A tax expert has called for the issuance of a tax identifi-cation number to businesses and organisations on all purchases, contracts and payments to help increase revenue mobilisation.
Speaking at a public lecture organised by the Institute of Chartered Accountants of Ghana (ICAG) on the 2016 budget in Accra, Dr. Abdallah Ali-Nakyea urged the government to take a bold decision to implement paragraph 845 of the budget statement of 2015 which enjoins all businesses to obtain a tax number before transacting business.
According to him, the implementation of the tax identification number was one surest way of blocking the loopholes in the tax regime while widening the tax net to generate adequate resources for national development.
Dr.

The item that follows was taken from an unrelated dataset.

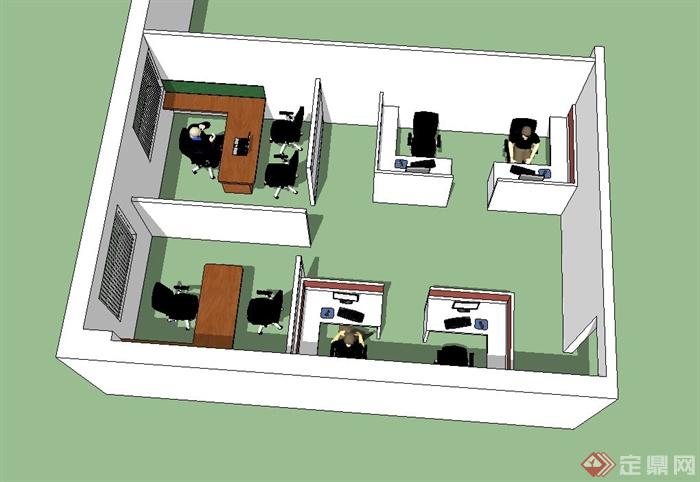 某现代简单的办公空间设计su模型(1)
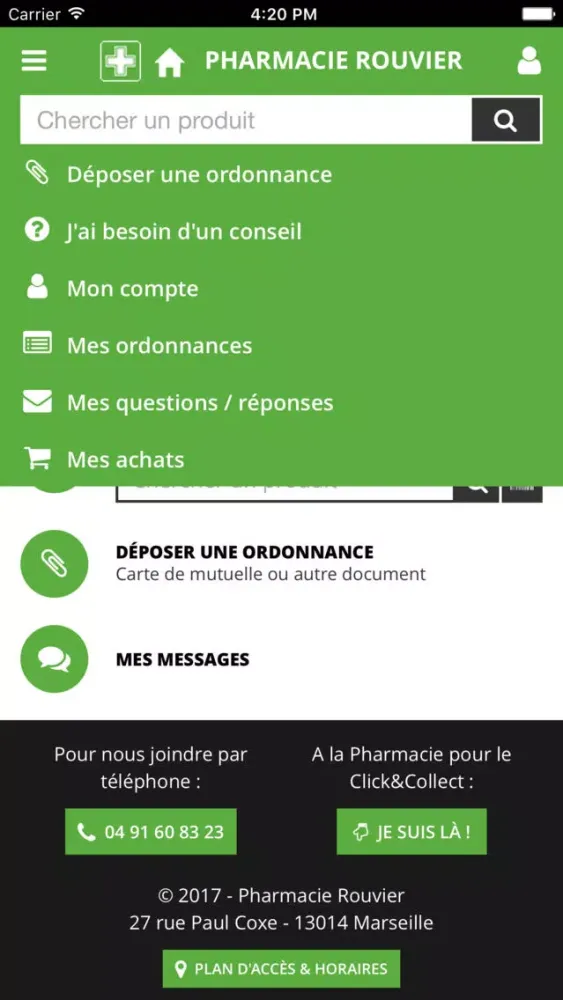 Captures d'écran de Pharmacie Rouvier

Ali-Nakyea, who is the managing consultant of WTS Ghana and a lecturer at the University of Ghana, lauded the budget but called on the government to ensure strict enforcement, monitoring and evaluation to help consolidate economic gains of the country.
For instance, he said, there should be a mechanism to check the implementation of already existing tax laws and review them if necessary as part of measures to increase revenue generation.
He said for tax laws to work effectively, the government should constantly engage stakeholders in the drafting of such laws saying “stakeholder consultations should not be ignored in the development and passage of new tax legislation so as to engender enhanced and increased tax compliance”.
He again called for adequate support for the Ghana Revenue Authority (GRA) to equip them with the relevant skills and logistics to enhance their operations.
Dr. Ali-Kabreal said the GRA could generate more revenue for the country if its operations were conducted using adequate logistics and highly skilled human resource.
The Director of Budget at the Ministry of Finance, Mr. Patrick Nomo said the country witnessed significant expansion in output with the real Gross Domestic Product growing steadily from 3.7 per cent in 2000 to 9.8 percent in 2012.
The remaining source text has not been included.